MSRA Intern's Toolkit

MSRA Intern's Toolkit is a VS Code extension for research interns in MSRA (Microsoft Research Asia) to simplify some of the troublesome but frequently used process including submitting jobs to clusters, privileged identity management (PIM) for Azure, etc.

This extension provide you a intuitive and interactive way to deal with these annoying process. Just get rid of those scripts that nobody can remember and embrace this convinient user interface.

Screenshots

Requirements

First of all, when using GCR. you must have a Linux SSH key generated and submitted to the GCR Pubkey Manager. For instructions in completing this setup, please reference Generating a Key and Uploading it to GCR.
Install Azure CLI with latest version. see Install the Azure CLI | Microsoft Learn.
- You can check your Azure CLI version with: az version --output table.
Install the Azure CLI Machine Learning extension: az extension add --name ml.

Usage

First of all, as the welcome says, login to Azure with the Click to login button in the status bar. This will open a page in your default web browser.
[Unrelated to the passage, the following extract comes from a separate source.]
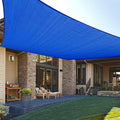 LOVE STORY 8' x 14' Blue Sun Shade Sail Rectangle SS-160 UV Block Shade Canopy Sunshade for Patio Garden Backyard (We Make Custom Size)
Follow the guidance to login. After the page returns, just wait a second before the extension get your account information. Then you can get access to the tools.

Quick Jump:

MSRA Intern's Toolkit

Multiple Profiles

Under some circumstances, you may need different accounts for different modules. This tool provides a way to login and switch between multiple accounts.

Login: Click the Click to login button in the status bar to login. This will show a list of your profiles. Profiles are where your account information is stored. They have an arbitrary name. Buttons on the right of each profile are for login, logout, edit, open terminal and delete. Note that, If you want to use az command for a specific profile in the terminal, you must open the terminal with the profile.
Switch: For each module, you can choose the profile to use. The profile you choose will be used for the module. If you haven't logged in, you will be asked to login first. If you have multiple profiles, you can switch between them by clicking the button on the right of the module name.

Submit Jobs

Azure ML Jobs work with Clusters, Datastores and Environments:
- Clusters are the computing resources where your job will run. You can choose the number and type of GPUs/CPUs with Instance Type and Node Count.
- Datastores are the blob container where your data and code are stored. Jobs will access the data and code from the specified Datastore.
- Environments are the software environment where your job will run. This tool only supports choosing from curated images. You can run a setup script before the experiment to install required packages.
Fill the form following the guidance and press Submit to submit the job. If everything is ok, you shall get a success message with job id and AML Studio link after a while. If not, you will get an error message. You can check the error message in the output panel.
Submission history is saved. You can also save the submission config to a file and load it later with Save and Load buttons.
To synchronize the code from local working directory to the blob container, configure Synchronization group and press Synchronize button. This will copy the code to the specified path on the blob container.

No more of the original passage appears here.